## Aim of the exercise
Transcribe nothing except the lines below that run from the one with "GYCTZTT West Virginia License Plate" to the one with "Green t-shirt with", ends included, and do not copy any picture.

::: Supplied information :::

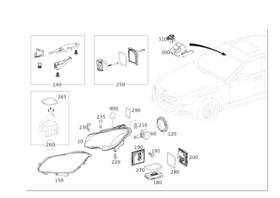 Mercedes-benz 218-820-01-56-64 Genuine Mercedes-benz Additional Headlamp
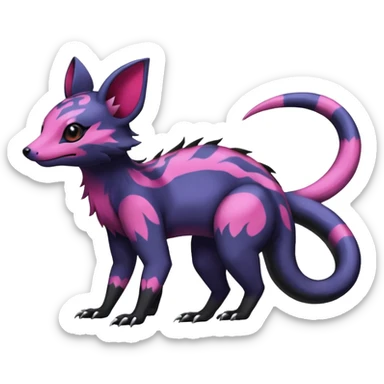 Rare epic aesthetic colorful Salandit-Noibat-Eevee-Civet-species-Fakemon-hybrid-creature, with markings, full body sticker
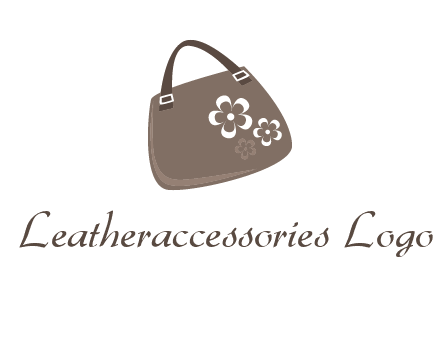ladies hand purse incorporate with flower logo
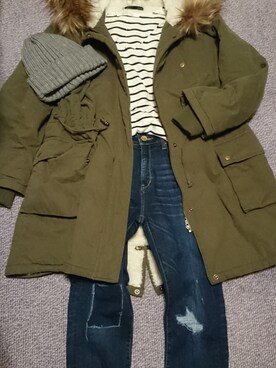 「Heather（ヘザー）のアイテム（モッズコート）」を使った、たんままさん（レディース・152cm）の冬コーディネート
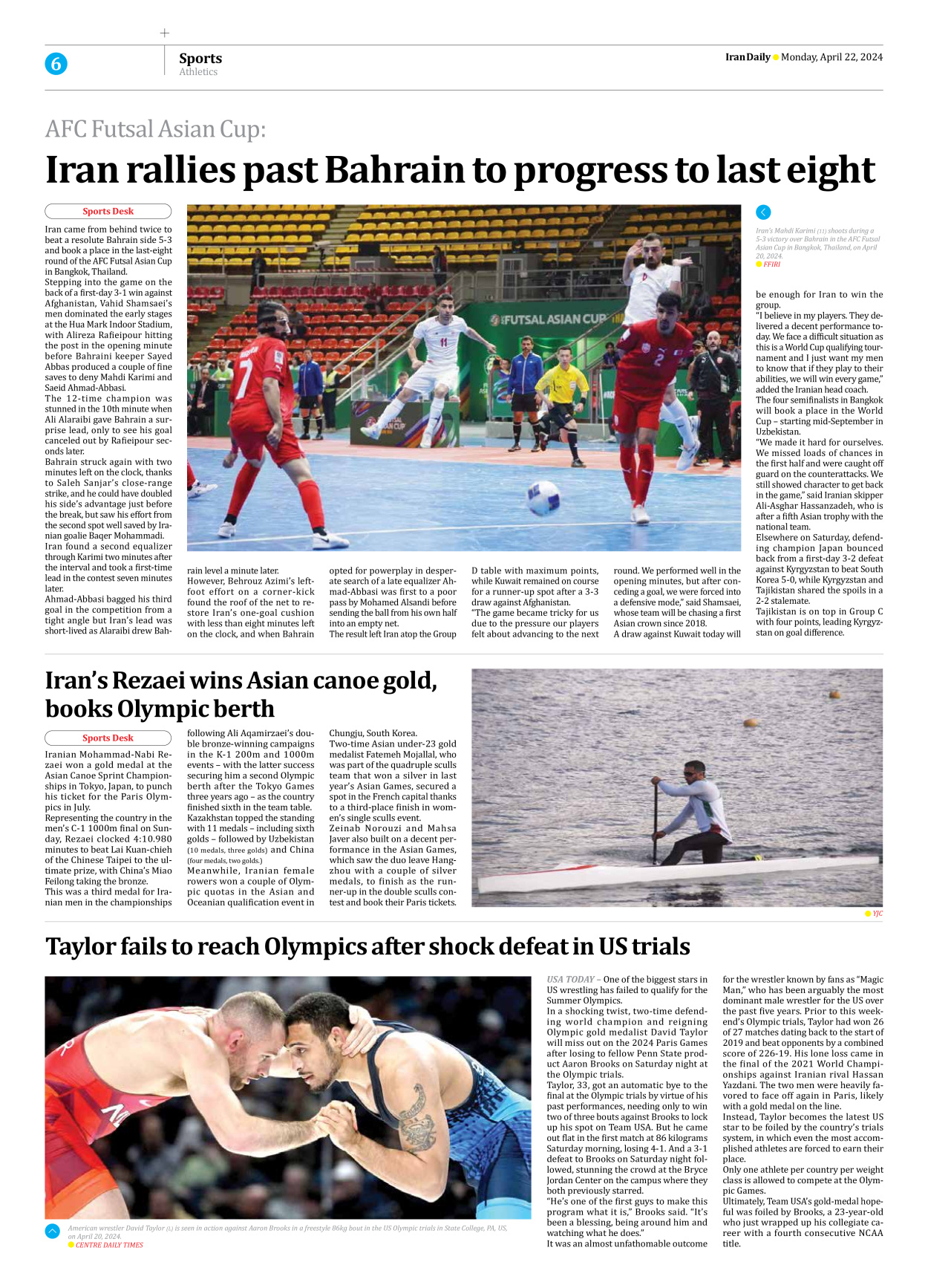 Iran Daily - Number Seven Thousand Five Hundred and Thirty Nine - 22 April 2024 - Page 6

:::
::: Supplied information :::

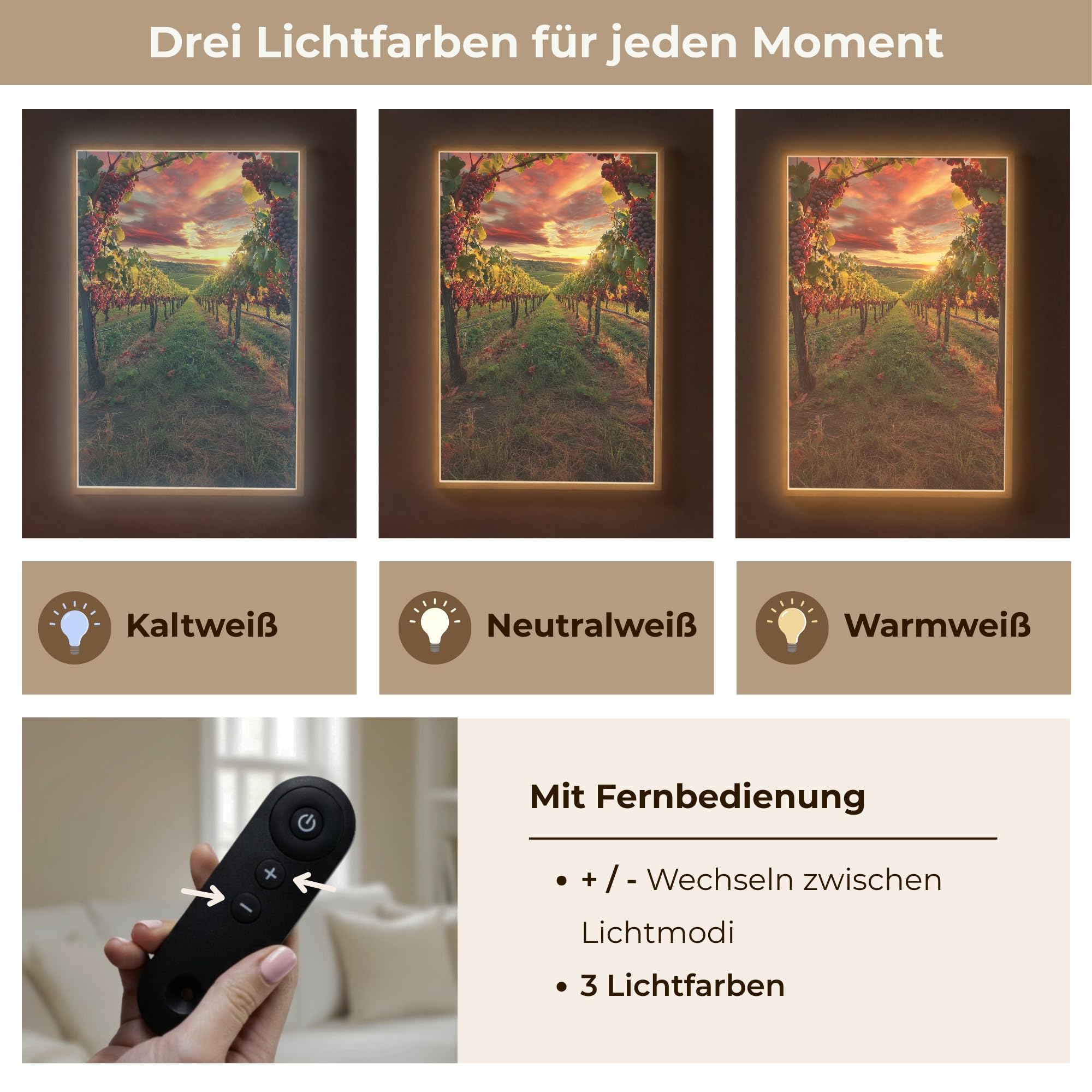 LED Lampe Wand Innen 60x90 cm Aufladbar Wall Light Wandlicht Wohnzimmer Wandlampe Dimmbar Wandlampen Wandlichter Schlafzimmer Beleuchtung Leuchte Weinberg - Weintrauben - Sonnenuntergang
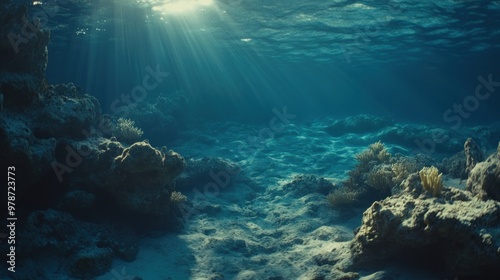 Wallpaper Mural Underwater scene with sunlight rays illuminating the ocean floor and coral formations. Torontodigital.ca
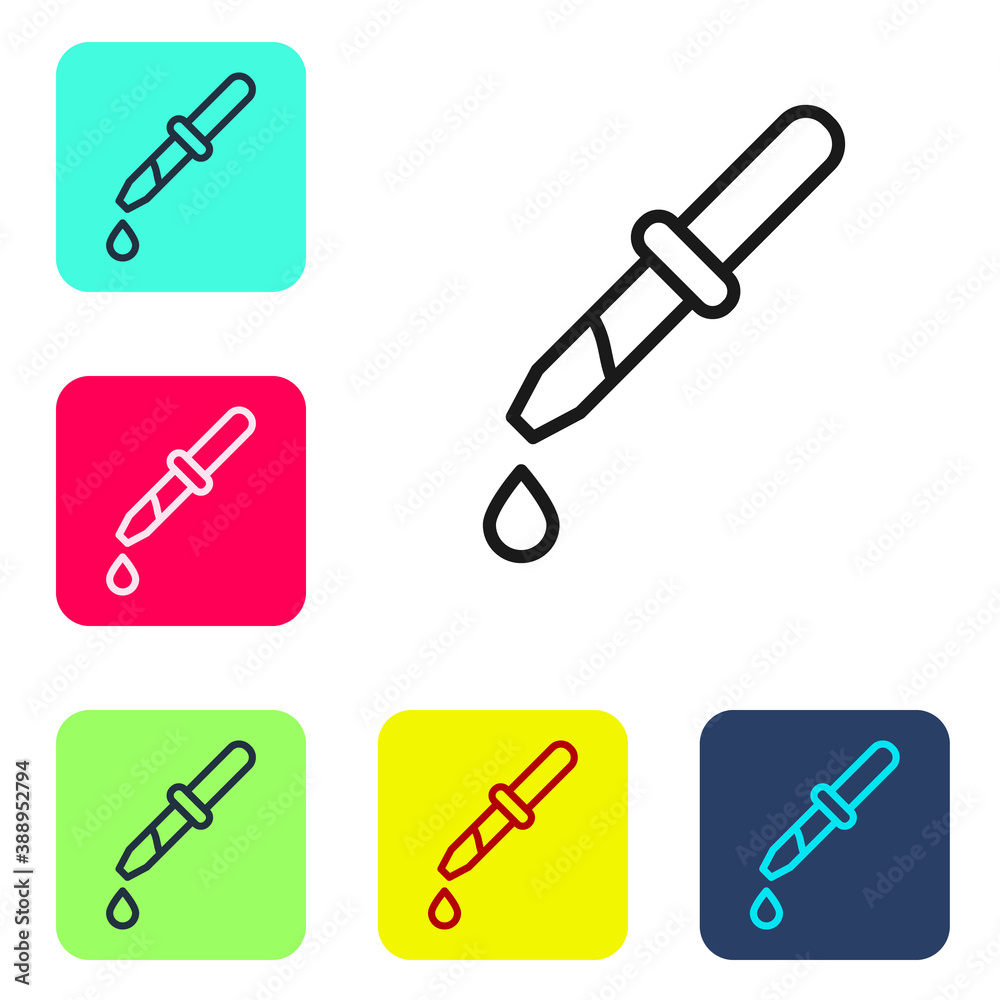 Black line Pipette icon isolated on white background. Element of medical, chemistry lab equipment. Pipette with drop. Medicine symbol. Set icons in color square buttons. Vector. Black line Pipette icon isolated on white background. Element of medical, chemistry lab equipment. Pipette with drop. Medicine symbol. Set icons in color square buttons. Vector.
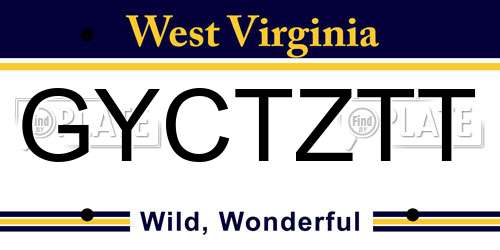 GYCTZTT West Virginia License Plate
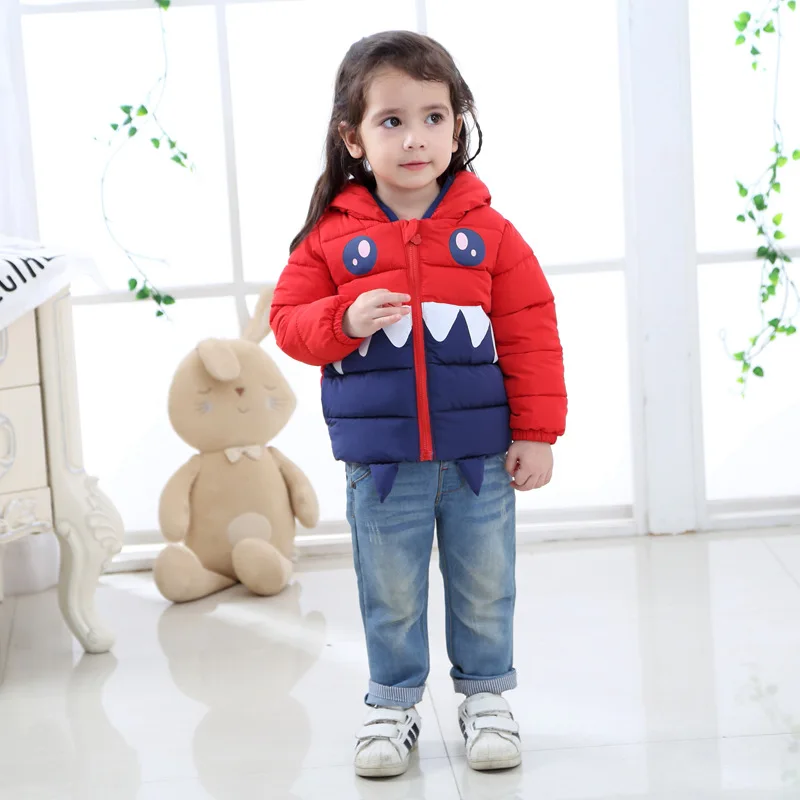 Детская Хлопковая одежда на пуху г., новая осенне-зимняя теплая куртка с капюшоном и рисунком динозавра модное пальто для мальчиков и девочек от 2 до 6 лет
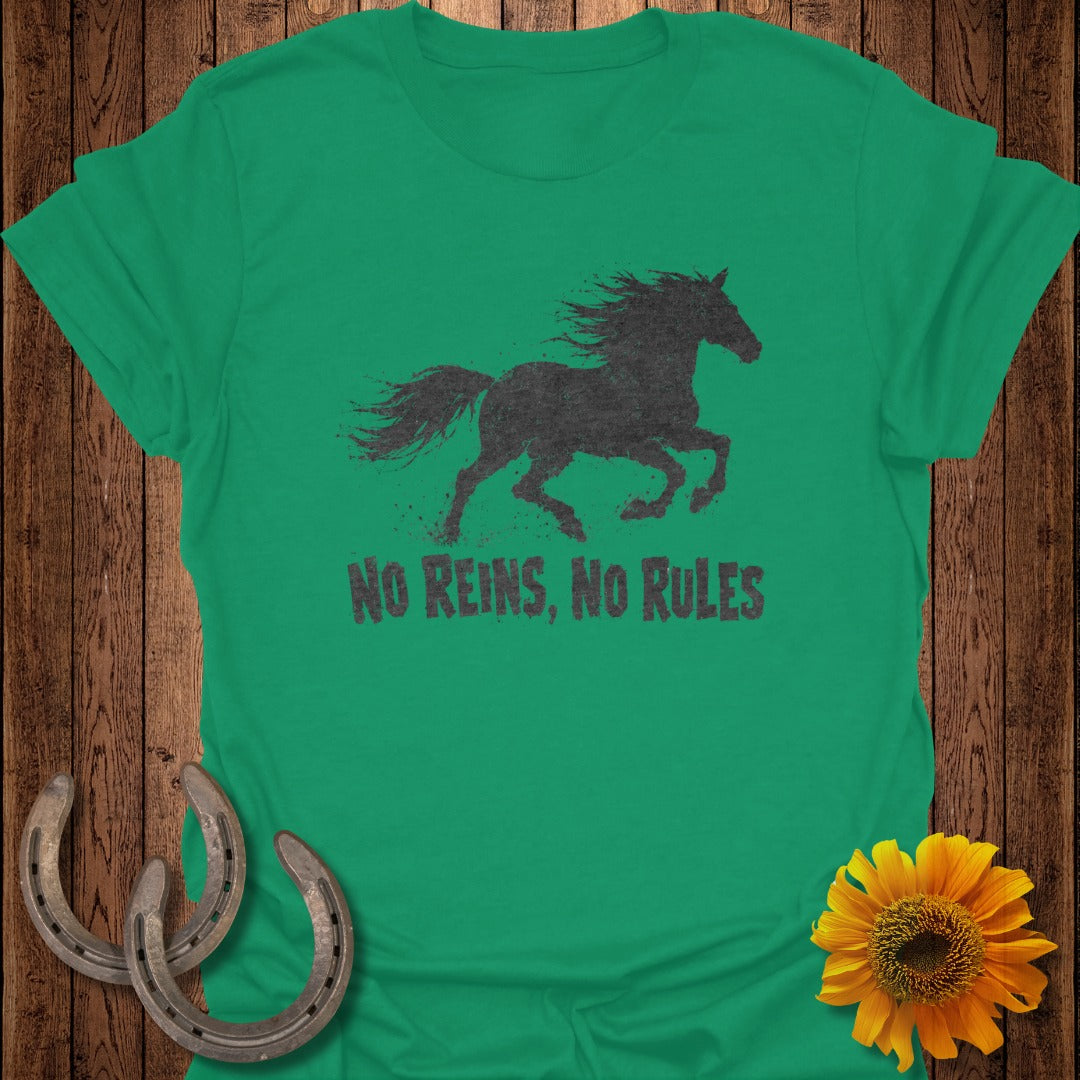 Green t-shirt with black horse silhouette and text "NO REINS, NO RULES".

:::
::: Supplied information :::

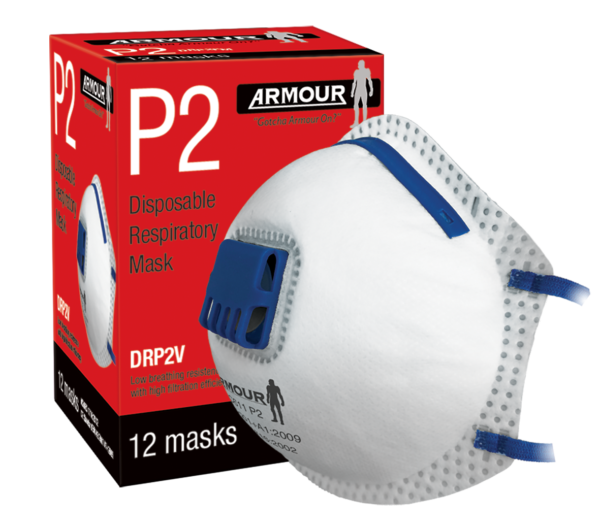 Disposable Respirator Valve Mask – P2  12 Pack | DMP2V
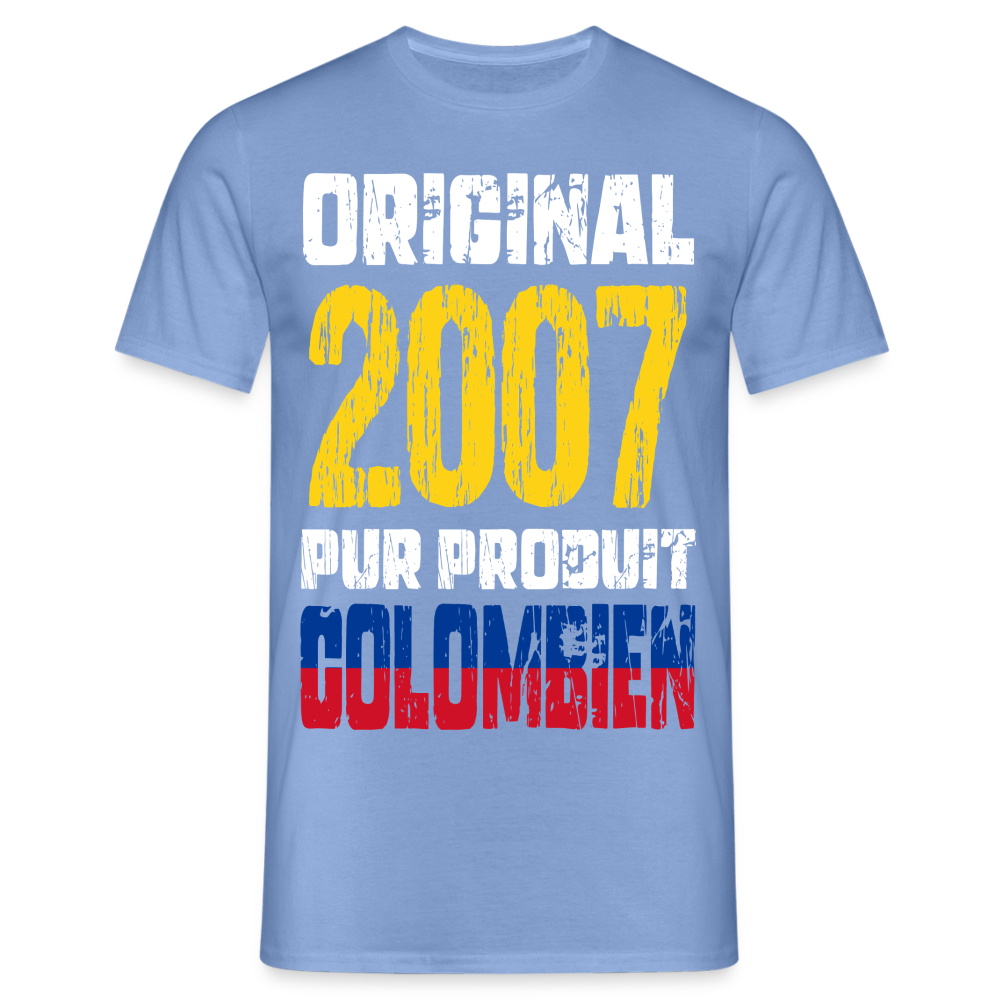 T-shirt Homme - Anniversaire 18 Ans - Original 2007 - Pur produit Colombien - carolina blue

:::

## Output
 GYCTZTT West Virginia License Plate
 Детская Хлопковая одежда на пуху г., новая осенне-зимняя теплая куртка с капюшоном и рисунком динозавра модное пальто для мальчиков и девочек от 2 до 6 лет
 Green t-shirt with black horse silhouette and text "NO REINS, NO RULES".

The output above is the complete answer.